Let me today reiterate that this assumption can no longer be left
unchallenged. It is patently untrue that all or even the majority of
non-bumis are rich and are therefore of no need of government
assistance. That the Malays are indeed so poor, that they are the only
ones who are overwhelmingly in need of help.
This is a slap on the face of poor non-Malays and an insult to the many
hard-working Malay parents who do not rely on government handouts and in
general compete on their own merit.
Let us look at the reality, shall we?
Figures provided by Parliament in 2015, showed that bumiputra households
make up the majority of the country’s top 20% income earners (T20), but
the community also sees the widest intra-group income disparity.
According to data from a parliamentary written reply, the bumiputra make
up 53.81% of the T20 category, followed by Chinese at 37.05%, Indians
at 8.80% and others at 0.34%.
So which groups overall are the top 20% income earners in the country?
Answer: bumiputras by a whopping 16.76% to the next group, the Chinese!
However, when the comparison is made within the bumiputra group itself,
T20 earners only comprise 16.34%. The remaining comprises the middle 40%
income earners (M40) at 38.96% and the bottom 40% income earners (B40)
making up the majority at 44.7%.
This means that in spite of almost 40 years of affirmative action,
handouts, subsidies and quotas, bumis as a group has a large disparity
between its haves and the havenots. That raises the question if it means
practically none of the government assistance has in fact gone to help
the bumis that truly needed help but has gone to further enrich those
who are already having it all!
To the Malays, I say, “You should look into this disparity instead of
pointing fingers to other Malaysians who work hard to uplift themselves
without any help from their own government”.

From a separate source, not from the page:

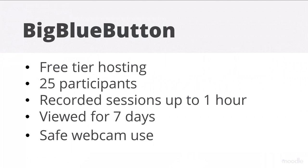The sessions can be recorded and viewed for seven days. Participants will see your webcam and you can see theirs, but for security reasons they don't see each other's.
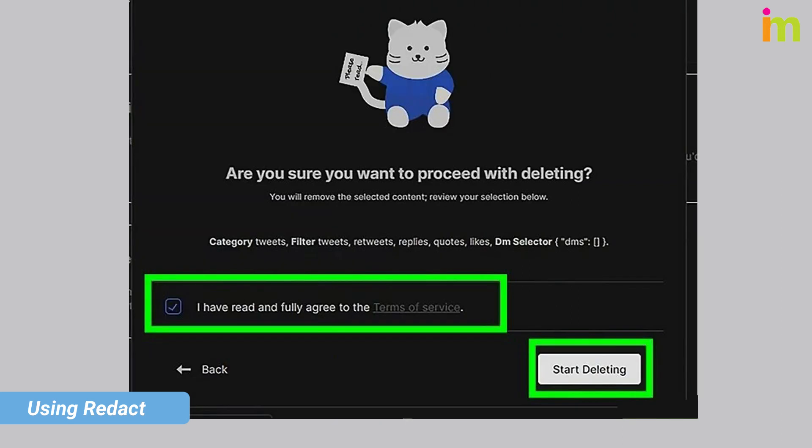Agree to the terms of service by checking the box on the pop-up window, then click 'Start Deleting' again. Your selections will be deleted, and you can see the progress in the same window underneath 'Currently Deleting.'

Maybe because of your adulation of your Bossku, feudal fealty or
religious chieftains that they are the ones that are taking up what is
essentially yours to uplift your own lives?
After all the YAPEIM (Yayasan Pembangunan Ekonomi Islam), yes, another
institution in Malaysia using religion to sucker people, the Director
himself takes home RM400,000.00 in bonus and his senior executive draws
another RM250,000.00 all by themselves. Must be one hell of a
“pembangunan ekonomi Islam”.
The problem is not between the Malays and the other races. The problem
is clearly within the Malay community itself. The help is not reaching
the supposed target group. Why? So do not punish others with quotas that
penalise the excellence of others for your own dysfunctions.
Now, contrast with the Chinese and Indian communities, where the M40 group makes up the majority.
Within the Chinese community, the T20 group makes up 29.66%, followed by
the M40 group at 42.32% and B40 at 28.02%. As for the Indian community,
the T20 group stands at 19.98%, followed by the M40 income earners at
41.31% and the B40 at 38.71%.
It is so clearly not true that all non-bumis are rich and therefore the
quotas must remain to enable the bumis to compete on an equal footing.
The quotas are no longer justifiable if it was ever justifiable in the
first place. It is very clear from these data that equal opportunity to
university places must be provided irrespective of race purely on merit.
The help on the other hand must be in the form of scholarships or loans
to those deserving based on the financial capability of each successful
university entrant, as simple as that.
If a candidate does not qualify, he or she does not, race be damned.
That person must then take a different route – vocational or
skilledbased profession or any other road to success. There is nothing
wrong with not being a university graduate if one is not qualified. Find
your vocation and passion in a field that you will excel in.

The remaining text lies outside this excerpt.